Operation S150, placing the data files on corresponding distributed nodes.

In this embodiment, when the data files are merged in pairs until the number of data files is equal to the number of distributed nodes, the data files are placed on the corresponding distributed nodes. For example, since the last round of merging results in 3 buckets, each bucket contains 4 data files, the division and merging process is over, and the final plan for placing data files on 3 distributed nodes is obtained. For example, the data file set {s8, s1, s3, s6} of the first bucket is be placed on computer node 1, the data file set {s7, s10, s5, s11} of the second bucket is placed on computer node 2, and the data file set {s9, s2, s12, s4} of the third bucket is placed on computer node 3. The data file access frequencies on these 3 nodes are (60, 61, 57). The maximum difference between the access frequencies of data file on the nodes is only 61−57=4, that is, the maximum difference of access frequency is about 4/(60+61+57)/3)*100%=6% of the average access frequency. It can be seen that the data file reading and writing on the three nodes is relatively balanced.

In this embodiment, as shown in FIG. 8, 24 data files are divided into 4 data blocks, each data block contains 2B=6 data files, that is, the total number of distributed computer nodes is B=3, and each node needs to place 24/3=8 data files. Each bar represents 1 data file, a height of the bar represents a value of access frequency, and the number on each bar represents the bucket in which the data file is to be placed.

In technical solutions of this embodiment, the data files are sorted according to the access frequency of each data file, and the data file is divided into at least two data blocks according to the sorted order, and the numbers of data files in all data blocks are equal. The data files in each data block are merged in pairs to update the data files, and the operation of performing the sorting of the data files according to the access frequency of each data file is repeated, until the number of data files reaches the number of distributed nodes, to obtain the strategy of which data files each computer node needs to be allocated with. Through this strategy, the data files are placed on the corresponding distributed nodes, which solves the problem of load-balancing caused by the unbalanced data file distribution in the related art, and improves the stability of the distributed system.

As shown in FIG. 3, FIG. 3 is a schematic flowchart of the data file distribution method according to a second embodiment of the present disclosure. Operations S121 to S122 in the second embodiment are detailed operations of operation S120 in the first embodiment, and the second embodiment includes the following operations:

Operation S121, determining a target number according to the numbers of the data files and the numbers of the distributed nodes; and

Operation S121, dividing the data files into data blocks with the target number according to the sorted order.

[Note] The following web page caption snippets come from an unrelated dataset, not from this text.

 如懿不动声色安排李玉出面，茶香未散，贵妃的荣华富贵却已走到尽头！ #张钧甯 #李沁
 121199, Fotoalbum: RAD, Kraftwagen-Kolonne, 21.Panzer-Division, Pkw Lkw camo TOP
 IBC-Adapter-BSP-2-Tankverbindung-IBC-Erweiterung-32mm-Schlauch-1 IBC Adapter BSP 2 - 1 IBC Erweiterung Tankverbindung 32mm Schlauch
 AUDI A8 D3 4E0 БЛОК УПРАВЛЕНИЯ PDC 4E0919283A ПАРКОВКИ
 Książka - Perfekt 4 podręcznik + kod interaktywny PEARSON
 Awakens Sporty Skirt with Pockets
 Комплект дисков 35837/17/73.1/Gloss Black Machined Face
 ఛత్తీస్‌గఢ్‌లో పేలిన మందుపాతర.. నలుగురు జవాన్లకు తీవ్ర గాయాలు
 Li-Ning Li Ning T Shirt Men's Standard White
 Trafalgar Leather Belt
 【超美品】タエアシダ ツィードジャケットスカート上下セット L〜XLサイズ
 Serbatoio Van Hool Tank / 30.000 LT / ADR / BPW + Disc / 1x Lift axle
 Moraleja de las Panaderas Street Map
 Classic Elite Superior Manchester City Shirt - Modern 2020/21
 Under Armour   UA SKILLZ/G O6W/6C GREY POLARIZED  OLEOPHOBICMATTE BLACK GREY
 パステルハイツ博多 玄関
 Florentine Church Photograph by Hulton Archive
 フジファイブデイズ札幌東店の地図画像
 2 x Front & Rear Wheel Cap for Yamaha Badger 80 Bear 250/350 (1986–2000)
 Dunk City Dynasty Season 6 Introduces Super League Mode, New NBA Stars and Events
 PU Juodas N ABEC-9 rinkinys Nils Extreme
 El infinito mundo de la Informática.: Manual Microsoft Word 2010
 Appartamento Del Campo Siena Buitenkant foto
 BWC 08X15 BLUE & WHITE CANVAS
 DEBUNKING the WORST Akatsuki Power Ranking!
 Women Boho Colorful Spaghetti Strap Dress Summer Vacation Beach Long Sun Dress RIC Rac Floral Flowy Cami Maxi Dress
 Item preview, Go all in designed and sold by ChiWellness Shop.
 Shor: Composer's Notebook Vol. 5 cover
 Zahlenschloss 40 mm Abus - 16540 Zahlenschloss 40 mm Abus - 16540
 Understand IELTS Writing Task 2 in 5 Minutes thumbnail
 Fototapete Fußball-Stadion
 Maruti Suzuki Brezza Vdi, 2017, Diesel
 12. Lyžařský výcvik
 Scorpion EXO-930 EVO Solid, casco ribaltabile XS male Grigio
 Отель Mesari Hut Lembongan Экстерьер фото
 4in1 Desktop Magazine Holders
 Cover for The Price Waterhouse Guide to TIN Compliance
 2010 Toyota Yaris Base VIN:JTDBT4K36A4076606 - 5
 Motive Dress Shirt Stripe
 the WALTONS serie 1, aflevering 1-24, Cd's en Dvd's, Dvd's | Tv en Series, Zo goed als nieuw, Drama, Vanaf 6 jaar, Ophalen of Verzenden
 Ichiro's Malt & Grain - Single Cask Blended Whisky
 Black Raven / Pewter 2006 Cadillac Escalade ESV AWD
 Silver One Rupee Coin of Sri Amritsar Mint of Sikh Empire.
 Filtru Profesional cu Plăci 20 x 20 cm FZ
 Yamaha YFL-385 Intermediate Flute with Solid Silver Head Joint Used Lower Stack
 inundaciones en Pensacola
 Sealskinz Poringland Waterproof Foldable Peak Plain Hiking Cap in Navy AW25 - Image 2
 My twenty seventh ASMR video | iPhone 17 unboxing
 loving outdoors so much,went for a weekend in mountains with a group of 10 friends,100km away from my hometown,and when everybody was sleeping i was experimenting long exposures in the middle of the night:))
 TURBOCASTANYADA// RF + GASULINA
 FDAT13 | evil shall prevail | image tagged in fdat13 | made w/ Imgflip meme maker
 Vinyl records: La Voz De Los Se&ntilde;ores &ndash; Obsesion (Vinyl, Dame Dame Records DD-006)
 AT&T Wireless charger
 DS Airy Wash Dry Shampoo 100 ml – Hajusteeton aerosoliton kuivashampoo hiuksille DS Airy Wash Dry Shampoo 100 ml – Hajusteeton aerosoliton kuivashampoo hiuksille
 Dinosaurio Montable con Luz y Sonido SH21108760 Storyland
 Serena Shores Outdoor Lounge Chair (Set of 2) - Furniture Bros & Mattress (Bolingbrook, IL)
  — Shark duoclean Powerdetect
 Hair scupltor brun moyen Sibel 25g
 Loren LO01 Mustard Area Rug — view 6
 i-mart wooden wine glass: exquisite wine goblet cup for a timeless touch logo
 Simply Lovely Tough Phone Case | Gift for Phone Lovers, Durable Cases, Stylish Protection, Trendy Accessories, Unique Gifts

In this embodiment, the data files are obtained, the target number of data blocks that need to be divided is calculated according to the number of data files and the number of pre-set distributed nodes. The data files are sorted according to a preset sorting mode, the sorting mode includes the ascending order or the descending order, and data files are divided into the target number of data blocks according to the sorted order. The number of data blocks that need to be divided is calculated according to the number of data files in the set and the number of computer nodes, the number of data blocks to be divided is equal to |S|/2B, S is the number of data files in the set, and B is the number of computer nodes. For example, when there is a set containing 24 data files, when the 24 data files need to be evenly placed on 3 computer nodes, then the number of data blocks that need to be divided can be calculated to be 4 blocks.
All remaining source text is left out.